An investigation into how a multi-million-dollar road construction contract was quietly handed to a consortium with little highway-building experience was made possible thanks to close collaboration between journalists in Kosovo and Serbia.

The story, which secured third prize last week in the European Union’s investigative journalism awards for Serbia [], was produced as part of the Austrian-Development-Cooperation funded “A Paper Trail to Better Governance”  project.

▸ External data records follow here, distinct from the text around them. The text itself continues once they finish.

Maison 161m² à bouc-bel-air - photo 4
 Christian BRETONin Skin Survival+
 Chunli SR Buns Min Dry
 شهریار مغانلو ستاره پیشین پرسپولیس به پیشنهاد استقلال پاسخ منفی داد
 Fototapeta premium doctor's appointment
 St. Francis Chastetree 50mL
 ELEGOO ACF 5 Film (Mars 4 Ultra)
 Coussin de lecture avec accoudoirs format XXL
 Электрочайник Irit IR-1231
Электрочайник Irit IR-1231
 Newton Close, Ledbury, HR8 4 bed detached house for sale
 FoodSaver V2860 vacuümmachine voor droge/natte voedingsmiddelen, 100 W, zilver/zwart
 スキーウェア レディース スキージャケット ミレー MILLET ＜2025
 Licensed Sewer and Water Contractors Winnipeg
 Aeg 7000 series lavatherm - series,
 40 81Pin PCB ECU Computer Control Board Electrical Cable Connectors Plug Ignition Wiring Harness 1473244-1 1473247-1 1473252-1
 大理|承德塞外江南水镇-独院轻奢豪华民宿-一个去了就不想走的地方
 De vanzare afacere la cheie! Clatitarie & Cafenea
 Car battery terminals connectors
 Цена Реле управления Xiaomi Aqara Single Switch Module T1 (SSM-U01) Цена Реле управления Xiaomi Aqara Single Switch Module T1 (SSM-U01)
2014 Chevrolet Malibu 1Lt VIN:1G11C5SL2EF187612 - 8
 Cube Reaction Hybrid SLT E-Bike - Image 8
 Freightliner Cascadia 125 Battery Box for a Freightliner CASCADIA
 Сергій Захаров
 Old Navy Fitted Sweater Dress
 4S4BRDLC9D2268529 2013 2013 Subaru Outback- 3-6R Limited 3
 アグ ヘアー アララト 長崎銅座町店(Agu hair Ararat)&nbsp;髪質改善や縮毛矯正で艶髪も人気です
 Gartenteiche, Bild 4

BIRN assembled a team of five investigative journalists in Albania, Austria, Kosovo, Macedonia and Serbia to carry out a series of pioneering, year-long, cross-border investigations into the biggest players in this road building industry, their links to power and how they have spent – and sometimes squandered – massive public budgets.

Investigations, including the award-winning story – Veselinovic-linked Consortium Bags 75m Dollar Contract in Secret Deal,  were published on a bespoke webpage – Road to Ruin []. It features an interactive map of highway projects as well as background material on how corruption affects the construction industry.

The prize-winning story was compiled by Petrit Colaku and Kreshnik Gashi in Pristina and Ivan Angelovski, and Jelena Cosic in Belgrade.

Project editor Lawrence Marzouk said: “Working across borders was absolutely critical for this story as it required official documents from institutions in both Serbia and Kosovo, as well as on the ground contacts.

“With the team’s close collaboration, we were able to build the full picture of Zvonko Veselinovic’s shady business deals.

“This investigation is just one excellent example of the many stories published as part of the project which would not have been possible without strong teams, working together across the region”.

“A Paper Trail to Better Governance” project started in October 2013 and has honed the skills of dozens of investigative journalists in the Balkans and Moldova, helping reporters to hold officials to account and improving the implementation and use of freedom of information laws.

BIRN Serbia journalist Aleksandar Djordjevic won first prize in the EU for his report entitled “Pumping Out the Pit and the Budget”.